- Gopaipali Location in Odisha, India Gopaipali Gopaipali (India)
- Coordinates: 21°12′04″N 83°34′25″E﻿ / ﻿21.20120°N 83.57363°E
- Country: India
- State: Odisha
- District: Bargarh
- Elevation (Above MSL): 178 m (584 ft)

Population (2011)
- • Total: 1,322

Languages
- • Official: Odia
- • Local: Sambalpuri
- Time zone: UTC+5:30 (IST)
- Postal code: 768029
- Vehicle registration: OD
- Website: odisha.gov.in

= Gopaipali =

Gopaipali is a small village under Barpali block in Bargarh District with village code 72500 as per 2001 Census.

==Location==
Gopaipali is a village in Barpali Tehsil in Bargarh District of Odisha State. It is located 19 km towards South from District headquarters Bargarh and 299 km from State capital Bhubaneswar. Gopaipali is surrounded by Bijepur Tehsil towards the west, Bargarh Tehsil towards North, Dunguripali Tehsil towards the south and Bheden Tehsil towards the east. The village is 178 m above sea level. Bargarh, Burla, Sambalpur and Balangir are the nearby cities to Gopaipali.

==Demographics==
According to 2011 Census of India, Gopaipali has 377 families with a population of 1,322. The male population is 722 and female population is 673. The population of children between 0 and 6 years of age is 145. Though the average sex ratio is 932 (lower than that of Odisha: 979); the child sex ratio is 1042, which is overwhelmingly high.
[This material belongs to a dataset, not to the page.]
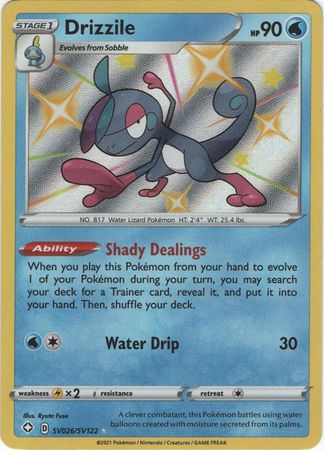 Drizzile - SV26/SV122 - Shiny Rare Shining Fates-Cherry Collectables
The literacy rate of Gopaipali is 71.28%; slightly lower than 72.87%, the average literacy of Odisha. The male literacy is 80.95% and female literacy is 60.77%.

===Religion===
Almost all of the villagers are Hindu.

==Administration==
Gopaipali village is a part of the Gopaipali Gram Panchayat. As per the Panchayati Raj Act, Gopaipali village is administrated by a Sarpanch elected by the eligible citizens in the Gopaipali Gram Panchayat. It comes under the Barpali Panchayat Samiti, and Bargarh Zila Parishad.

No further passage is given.